The effectiveness of the more distant district and provincial councils would depend on education, Yi Kim Than said, but would depend also on the political will of CPP leaders, who may try to take credit for D&D-initiated state projects such as new infrastructure.
"How far the ruling party benefits from [D&D] depends on the knowledge and the awareness of the people," he said.
State vs party
According to some observers, this tension - between the centralised ruling party and the decentralised state - could well determine the success of D&D. Indeed, civil society groups have already argued that the "indirect" nature of the May elections itself runs contrary to the goal of more responsive government.
On February 26, local election monitor Comfrel issued a report slamming the indirect council elections as a "foregone conclusion", since members will almost certainly vote for their own party's candidates.
Stephen Ehrentraut, a researcher and consultant with experience in D&D issues in Cambodia, said similarly that the dominance of the CPP at all levels of government would block the further entrenchment of democratic norms.
Although he saw "encouraging trends" in those communes in which there were competitive local elections, he said the exercise of local power depended heavily upon the attitude of the CPP's central leadership.
"In the vast majority of communes in which the council and village chiefs are controlled by the ruling party, what is called decentralisation does not effectively devolve powers to lower levels of the state and contributes little to meaningful democratisation," he said.
The indirect May 17 elections, he added, were more likely to entrench loyalty to CPP rule than they were to democratise the political system.
Ngan Chamroeun said that although political scientists had documented the use of D&D as a way of legitimising undemocratic regimes in Asia, Africa and Latin America, the cost and effort of conducting elections based on universal suffrage in Cambodia would require the diversion of a large amount of funds.
"For direct elections selected by the people, where would we find the money?
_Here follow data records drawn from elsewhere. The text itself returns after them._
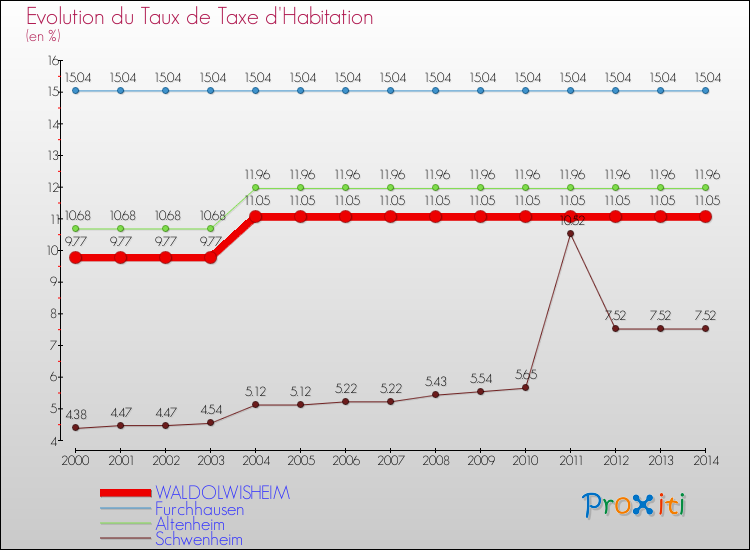 Evolution du taux de la taxe d'habitation pour WALDOLWISHEIM et les communes proches de 2000 à 2014 Comparaison des taux de la taxe d'habitation pour WALDOLWISHEIM et les communes voisines de 2000 à 2014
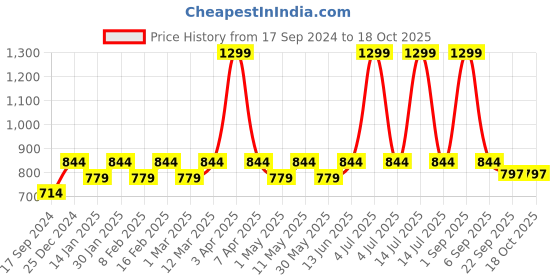 myntra.com Cindy Round Toe Wedge Pumps cindy Price History Graph from 17 Sep 2024 to 18 Oct 2025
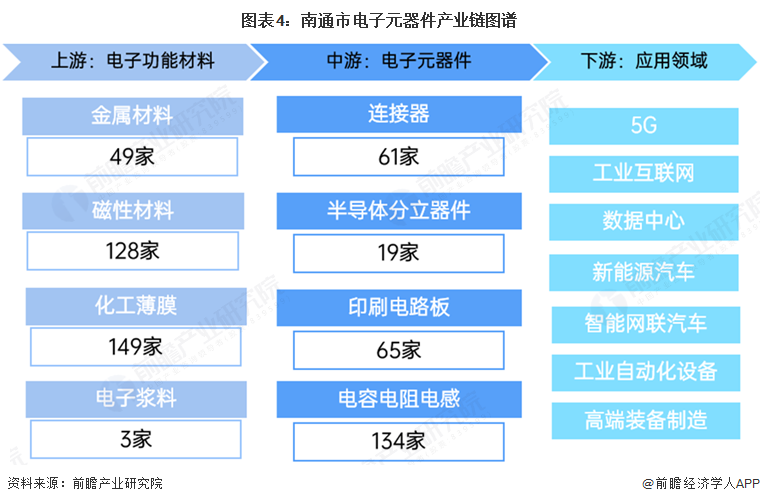 图表4：南通市电子元器件产业链图谱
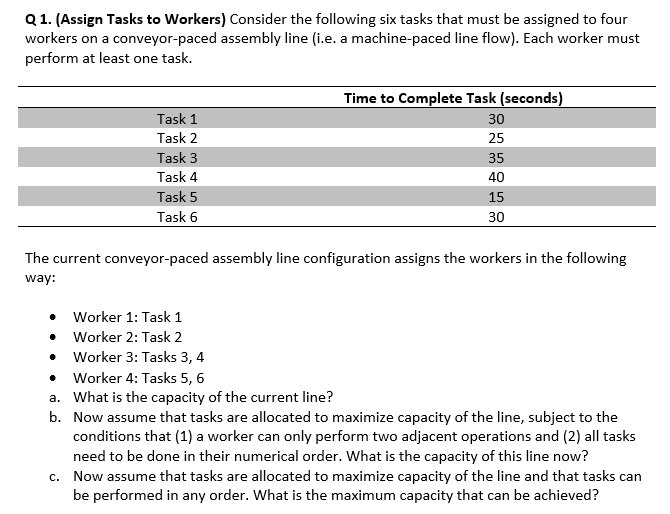 Q1. (Assign Tasks to Workers) Consider the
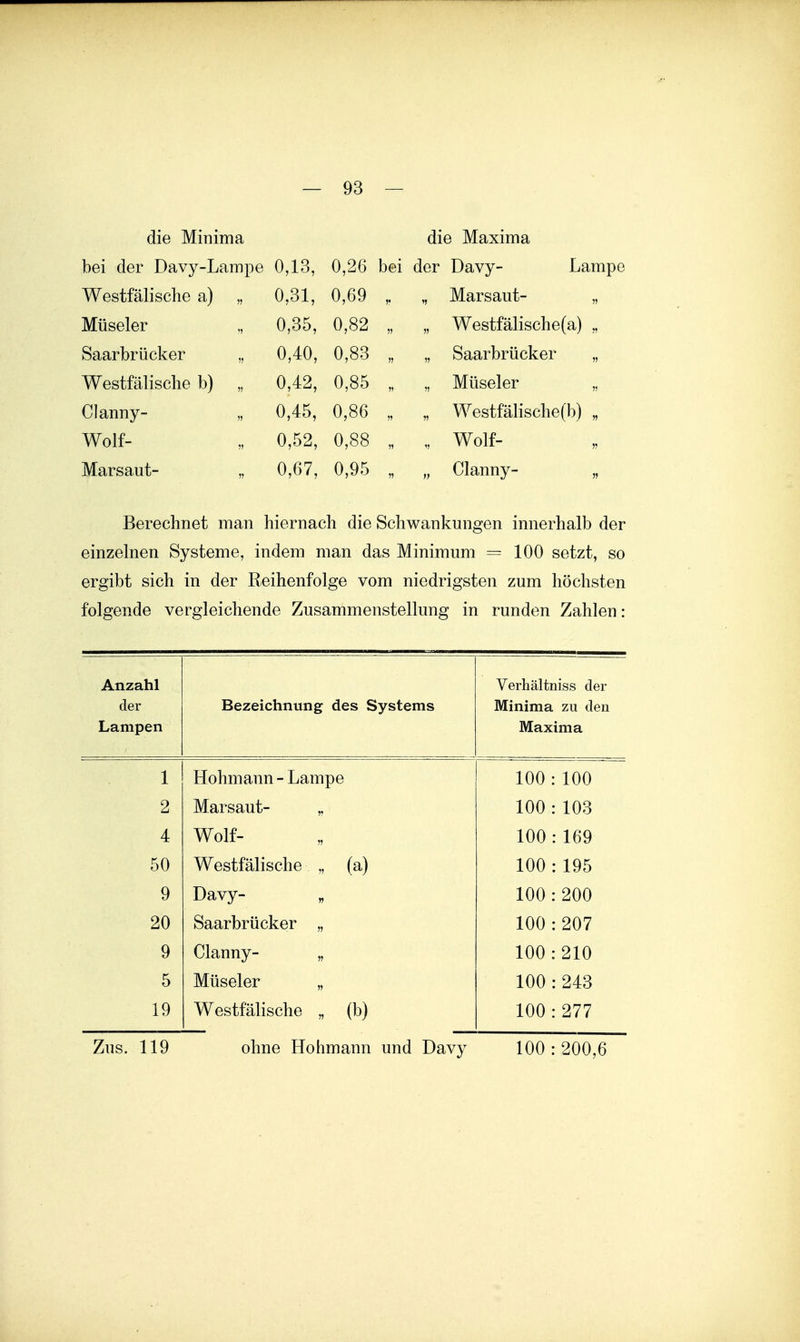 die Minima die Maxima bei der Davy-Lampe 0,13, 0,26 bei der Davy- Lampe Westfälische a) Müseier Saarbrücker Westfälische b) Clanny- Wolf- Marsaut- 0,31, 0,69 0,35, 0,82 0,40, 0,83 0,42, 0,85 0,45, 0,86 0,52, 0,88 0,67, 0,95 Marsaut- „ Westfälische(a) ,, Saarbrücker „ Müseier „ Westfälische(b) „ Wolf- Clanny- „ Berechnet man hiernach die Schwankungen innerhalb der einzelnen Systeme, indem man das Minimum = 100 setzt, so ergibt sich in der Reihenfolge vom niedrigsten zum höchsten folgende vergleichende Zusammenstellung in runden Zahlen: Anzahl der Lampen Bezeichnung des Systems Verhältniss der Minima zu den Maxima 1 Hohmann - Lampe 100 : 100 2 Marsaut- 100 : 103 4 Wolf- 100:169 50 Westfälische „ (a) 100 : 195 9 Davy- 100 : 200 20 Saarbrücker 100 : 207 9 Clanny- 5? 100:210 5 Müseler 100 : 243 19 Westfälische , (b) 100 : 277 Zus. 119 ohne Hohmann und Davy 100:200,6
In this country, we need to spend money on a lot of other problems, like how to reduce poverty," he said. "[The commune councilors] are still the representatives of the people."
Amid conflicting claims for the reforms, Thida Keus said it was important to remember that D&D could very well be driven by a mix of motives, and that some recognition should be given to the government for initiating the reforms at all.
"We have to give some credit to them: They want to set up the structures for better management and better accountability, so services can better reach the people," she said.
"There are also positive forces within the CPP who want real reform. This is something that will help Cambodia manage social services and governance, and that should help contribute to better governance and better service to the people."